Opinion

Closing the gap in stem cell donation for blood cancer patients

SYSTEM UNDER STRAIN

Palesa Mokomele|Published

Avukile, a seven-year-old battling Acute Lymphoblastic Leukaemia, has successfully passed the crucial 100-day mark since his life-saving stem cell transplant. South Africa needs to register one million donors by 2030.

Image: DKMS Africa/ Facebook

Human Rights Day is rooted in the memory of Sharpeville and the long struggle for dignity and equality. Section 11 of the Constitution is unambiguous: everyone has the right to life. Yet across this country, that right is being quietly forfeited by patients who need stem cell transplants and cannot find matching donors because the systems, registries, and resources needed to deliver on that constitutional promise have not kept pace with the need. Closing that distance will require, among other things, reaching one million registered donors by 2030.

The search for a match

Finding a matching donor is, for many people diagnosed with blood cancer or a serious blood disorder, the difference between surviving and not. That match is determined by inherited genetic markers. A registry needs to be both large and diverse enough to give every patient a realistic chance, and in South Africa, both remain works in progress.

A registry is also only as useful as the donors on it are willing to donate. Registration is not the same as donation, and the gap between the two has real consequences for someone who has waited months for a match.

If you or someone you love were diagnosed with blood cancer tomorrow, finding a matching donor could come down to whether enough people who share your genetic heritage have registered, and are willing to follow through. 

A system under strain

Even for those who find a match, access to transplant is not guaranteed. South Africa should be performing approximately 600 adult and 250 paediatric stem cell transplants annually based on population size alone. The system currently manages just 139 adult and 18 paediatric procedures per year. Behind those numbers is a system stretched thin: a handful of transplant centres with limited bed capacity, a public health system serving 84% of the population with constrained funding for unrelated donor transplants, and a shortage of the specialist nurses and physicians that this highly technical field demands.

Five years, and what has changed

To build a registry that truly represents the nation, global stem cell organisation DKMS and South Africa's Sunflower Fund merged in 2021 to create DKMS Africa. In 2019, White patients had a 40% chance of finding a match compared to just 19% for Black patients. By 2025, those figures had shifted to 49% and 47% respectively - a near-closing of the equity gap.

The registry has grown nearly tenfold since the merger, now exceeding 173,000 donors, with more than 56% of new registrations coming from people of colour. In 2021, 11 stem cell collections were enabled; by 2025, that figure had risen to 42. Furthermore, over 2,900 free HLA typing tests have been provided to state patients, removing the financial barrier that previously prevented many from even beginning the search for a donor.

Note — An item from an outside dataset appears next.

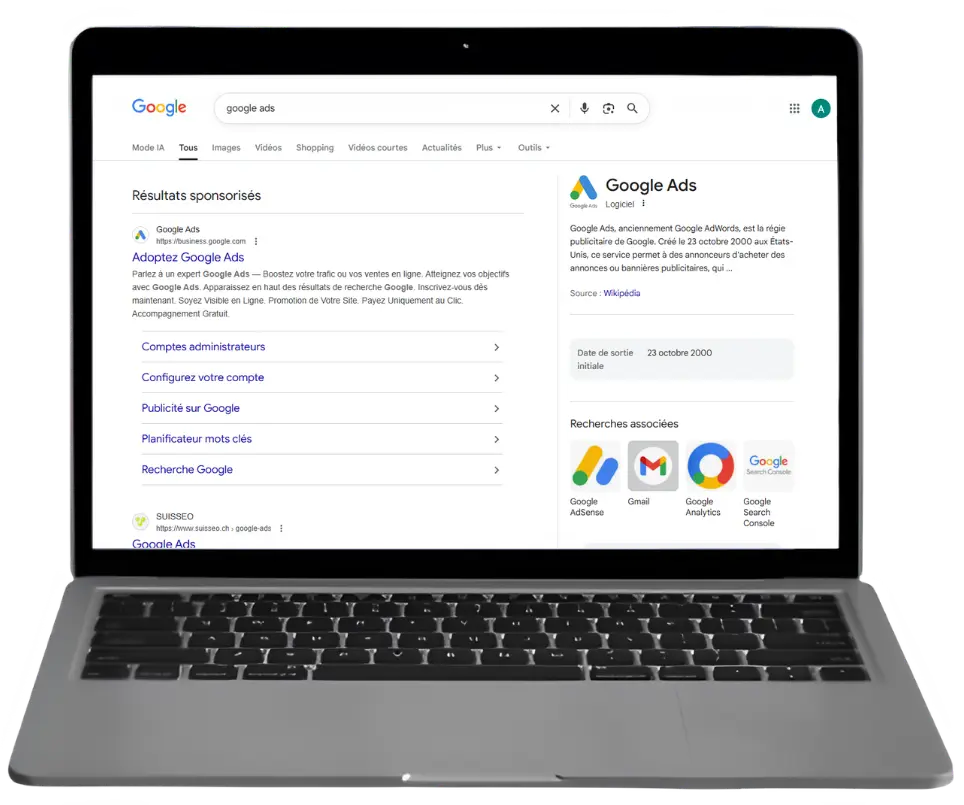 Interface Google avec annonces sponsorisées Google Ads — gestion de campagnes publicitaires pour entrepreneurs en Valais par l'Agence 1872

However, a registry is only effective if the medical system acts as a functional partner. Through collaboration with the global entity, we have sponsored haematology clinicians’ travel to international registries and conferences. This is a vital exercise in capacity building, allowing local professionals to forge partnerships and transfer global best practices back to South African treatment centres.

Looking forward, the focus is on physical infrastructure, with plans to collaborate with facilities on refurbishments and bed capacity to ensure that improved donor odds translate into improved patient outcomes.

The distance still to travel

Reaching one million registered donors by 2030 would mean a registry large and diverse enough that more South Africans have a fair chance of finding a match. Getting there will require government partnership, sustained public education, and a collective decision that patients’ lives are worth the investment.

Corporate partnerships run donor drives that bring the opportunity to register directly to thousands. Partnerships with TVET colleges and universities have helped mobilise a new generation of donors. The progress of the past five years proves that when South Africans understand what is at stake, they respond.

Human Rights Day is an opportunity to measure the distance between the rights we have written down and the rights we actually deliver. For those with blood cancer and blood disorders, that distance is still very wide. Section 11 says everyone has the right to life. Honouring that promise is a matter of sustained investment, collaboration, and the willingness to show up for people we have never met.